▶ [WORK INSTRUCTION] Could you filter the records below and keep only the lines with the word "Sleeve"?
· · ·
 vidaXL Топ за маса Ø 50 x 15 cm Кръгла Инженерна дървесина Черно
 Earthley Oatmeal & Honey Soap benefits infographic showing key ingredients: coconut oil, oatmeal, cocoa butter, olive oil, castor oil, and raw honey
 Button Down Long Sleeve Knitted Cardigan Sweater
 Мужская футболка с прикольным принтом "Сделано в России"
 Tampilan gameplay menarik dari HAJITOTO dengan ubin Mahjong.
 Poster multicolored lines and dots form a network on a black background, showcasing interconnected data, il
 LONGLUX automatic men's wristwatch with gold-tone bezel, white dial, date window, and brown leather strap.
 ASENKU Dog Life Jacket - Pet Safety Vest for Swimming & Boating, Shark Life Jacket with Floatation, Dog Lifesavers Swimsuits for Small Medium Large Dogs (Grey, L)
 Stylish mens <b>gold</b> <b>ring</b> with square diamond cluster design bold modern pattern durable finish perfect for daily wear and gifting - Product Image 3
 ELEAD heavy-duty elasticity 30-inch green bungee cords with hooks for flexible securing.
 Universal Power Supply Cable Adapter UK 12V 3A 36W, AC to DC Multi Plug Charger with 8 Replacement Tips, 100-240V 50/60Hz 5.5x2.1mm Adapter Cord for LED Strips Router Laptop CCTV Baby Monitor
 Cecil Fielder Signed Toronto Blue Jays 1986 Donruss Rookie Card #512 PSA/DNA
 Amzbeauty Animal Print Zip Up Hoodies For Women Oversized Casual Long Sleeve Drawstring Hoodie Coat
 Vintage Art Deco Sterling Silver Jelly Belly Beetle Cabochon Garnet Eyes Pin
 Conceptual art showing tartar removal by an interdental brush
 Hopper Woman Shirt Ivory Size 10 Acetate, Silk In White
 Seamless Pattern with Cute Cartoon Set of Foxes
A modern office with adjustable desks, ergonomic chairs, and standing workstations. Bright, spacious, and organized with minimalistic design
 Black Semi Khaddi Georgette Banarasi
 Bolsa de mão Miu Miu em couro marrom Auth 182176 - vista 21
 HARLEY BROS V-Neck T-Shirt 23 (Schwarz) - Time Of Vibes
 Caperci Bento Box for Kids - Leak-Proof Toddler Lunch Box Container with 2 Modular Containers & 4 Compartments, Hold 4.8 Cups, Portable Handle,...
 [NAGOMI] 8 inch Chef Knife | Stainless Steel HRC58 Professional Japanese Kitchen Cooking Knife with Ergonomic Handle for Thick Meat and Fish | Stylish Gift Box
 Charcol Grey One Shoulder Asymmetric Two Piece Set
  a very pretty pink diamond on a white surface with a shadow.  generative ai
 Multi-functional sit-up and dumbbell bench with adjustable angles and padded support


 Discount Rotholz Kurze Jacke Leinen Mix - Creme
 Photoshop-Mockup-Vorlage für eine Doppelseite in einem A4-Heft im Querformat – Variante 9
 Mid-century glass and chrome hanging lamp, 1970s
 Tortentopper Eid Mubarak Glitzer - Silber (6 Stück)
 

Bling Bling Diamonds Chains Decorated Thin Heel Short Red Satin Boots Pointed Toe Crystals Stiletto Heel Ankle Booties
· · ·
▶ [EXERCISE RESPONSE]
 Button Down Long Sleeve Knitted Cardigan Sweater
 Amzbeauty Animal Print Zip Up Hoodies For Women Oversized Casual Long Sleeve Drawstring Hoodie Coat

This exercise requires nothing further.